Now, it all comes down to the ΔH part : it's magnitude and sign. If ΔH is positive and initially greater than -TΔS, then ΔG will be positive, and as temperature is increased, the -TΔS factor will ultimately overcome the positive ΔH and then, ΔG will become negative. And indeed, this is why you will find that $\ce{PbCl2}$ is insoluble in cold but quite soluble in hot water. Similarly, you can consider the implications of variations in the magnitude and sign of ΔH on solubility (in a polar solvent) yourself.

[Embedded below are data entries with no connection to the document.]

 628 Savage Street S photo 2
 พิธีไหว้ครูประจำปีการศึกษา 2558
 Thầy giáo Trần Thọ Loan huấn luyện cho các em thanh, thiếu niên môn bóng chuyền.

Now, coming to your specific problem, you see, you first of all have to consider the configurations of $\ce{Ag+}$ and $\ce{Ca^2+}$

$\ce{ Ag^+ - [Kr] 4d10}$ and $\ce{ Ca^2+ - [Ar]}$

So you see, the calcium ion has 8 electrons in it's outermost shell ( 2 in 3s and 6 in 3p) while the silver ion has 18 electrons in it's outermost shell( 4s2 4p6 4d10). Now, due to the ineffective shielding by the d-electrons, effective nuclear charge on the valence shell and hence it's polarising power increases tremendously. Here, the calcium ion possesses an "inert gas configuration" while the silver cation has a kind of "pseudo noble gas configuration" (as it is not exactly a noble gas configuration, but still the cation is quite stable). On moving further down the periodic table,you get cations like $\ce{Tl^+, Bi^3+}$ etc. which have neither 8 nor 18 valence electrons (hence they can be called "non-inert gas configurations" ) and owing to the even poorer shielding by f and d electrons, there polarising power is even higher than the previous two configurations. So, the general order of polarising power of cations can be : Non-inert> Pseudo-inert> Inert gas configuration .( Note: All this can also be derived quantitavely by actually calculating effective nuclear charge on valence electrons by Slater's rule)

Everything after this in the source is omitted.